De invoering dit jaar van het minimumloon in Duitsland leidt tot hogere administratieve lasten voor Nederlandse werkgevers die in Duitsland werk uitvoeren. Dit stelt CDA-kamerlid Pieter Omtzigt in kamervragen aan staatssecretaris Wiebes van Financiën en wordt bevestigd door de antwoorden van de staatssecretaris. Daarbij gaat het met name om de zgn. eerstedagmelding, waarbij werknemers de dag ervoor, via fax, moeten worden aangemeld bij de Duitse autoriteiten.
De invoering van het minimumloon in Duitsland gaat gepaard met flinke administratieve lasten en procedures. Zo blijkt ook uit de beantwoording van de kamervragen. Werkgevers moeten aantonen dat zij de mensen die zij in dienst hebben ook daadwerkelijk minimaal het Duitse minimumloon (€ 8.50 per uur) uitbetalen. Gegevens over werknemers – namen en geboortedata – moeten in het Duits gemeld worden aan de Duitse douane. Dit moet nog per fax. Op het niet naleven van de administratieve regels staat een maximale boete van € 30.000 , op het niet uitbetalen van het minimumloon staat een boete van maximaal € 500.000.

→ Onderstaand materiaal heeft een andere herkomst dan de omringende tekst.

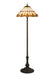 Meyda Tiffany - 17577 - Three Light Floor Lamp - Nouveau Cone - Steel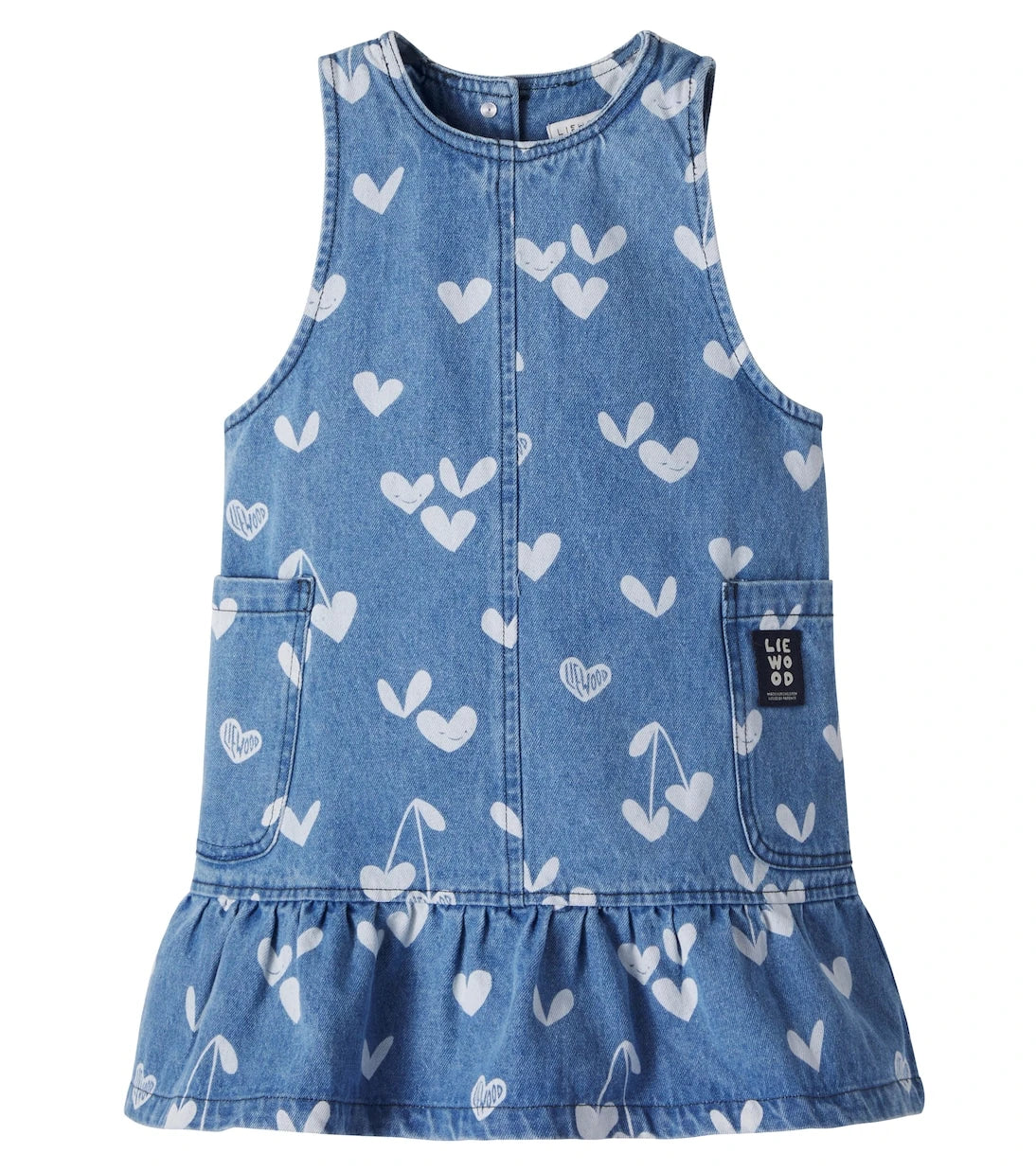 Liewood - Angelica printed denim dress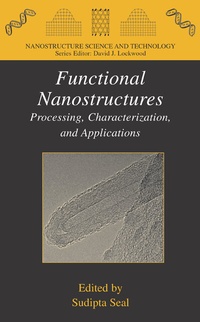 Enlarge image Cover: Functional Nanostructures - Springer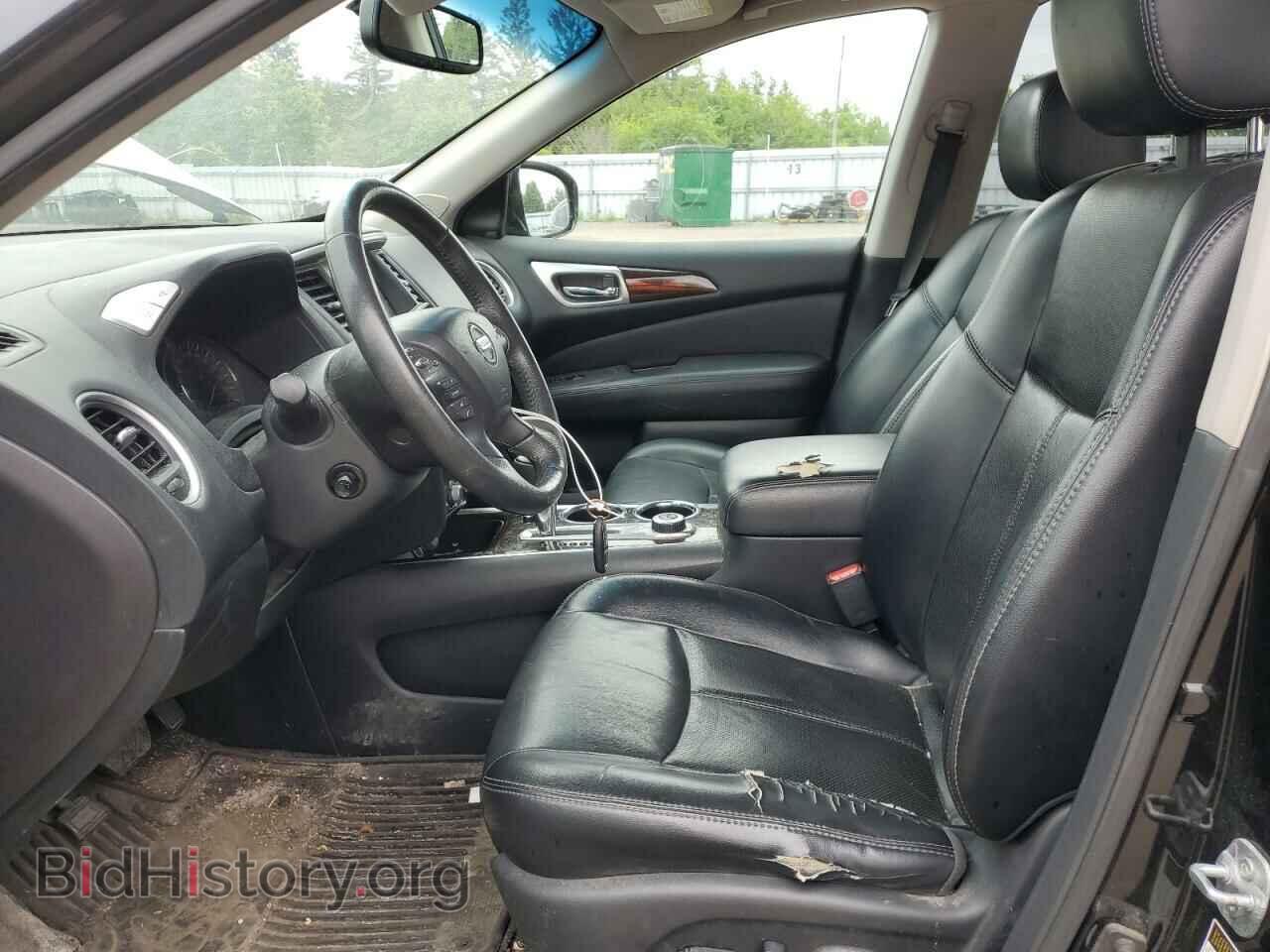 2015 NISSAN PATHFINDER - VIN: 5N1AR2MM0FC676289 - Фото 7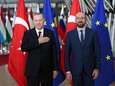 Turkse president Erdogan vraagt om solidariteit in Brussel, gesprek met EU-leiders levert weinig op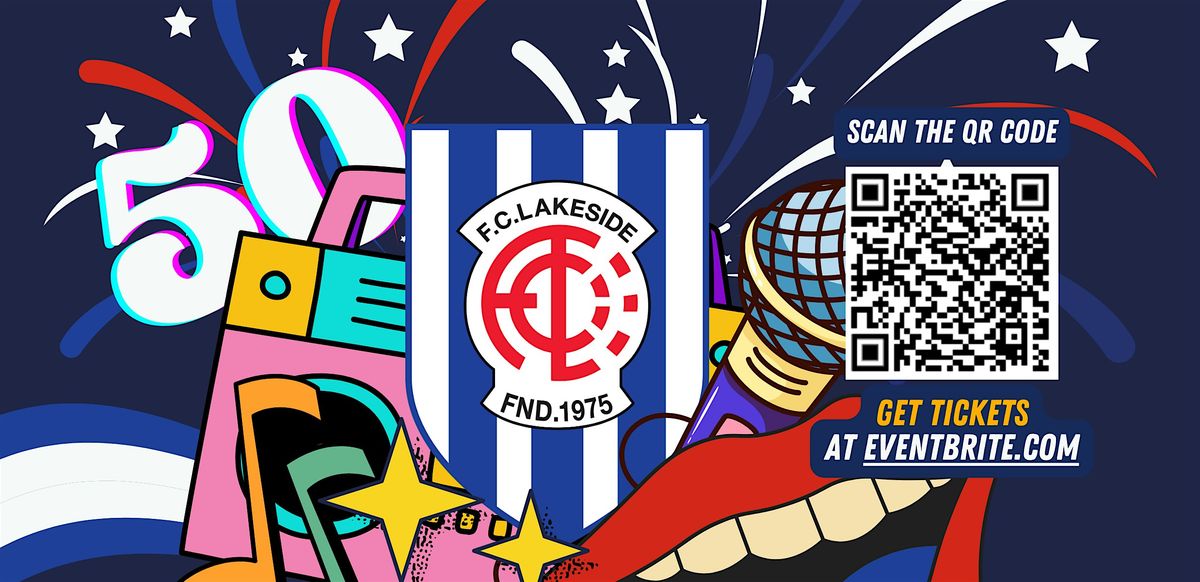 FC Lakeside 50th Year Family Festival, 30 August | Event in Cheltenham | AllEvents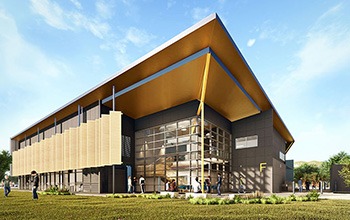 Engineering building at UniSQ Springfield.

Kamerlid Omtzigt stelt dat de Duitse controles op Nederlandse ondernemingen eigenlijk overbodig zijn. Zijn vraag: ‘Klopt het dat er in Nederland gewoon gecontroleerd wordt op het minimumloon, dat hier ook iets hoger ligt dan het minimumloon in Duitsland en dat de Duitse controles dus feitelijk overbodig zijn?’ Wordt door de staatsecretaris als volgt beantwoord. ‘In Nederland controleert de Inspectie SZW op naleving van de WML. Het in de Nederlandse Wet minimumloon en minimumvakantiebijslag (WML) vastgestelde minimumloon ligt inderdaad iets hoger dan het Duitse minimumloon. Of dat dan ook betekent dat de controle van Nederlandse bedrijven in Duitsland minder prioriteit zal krijgen, is aan de Duitse autoriteiten.’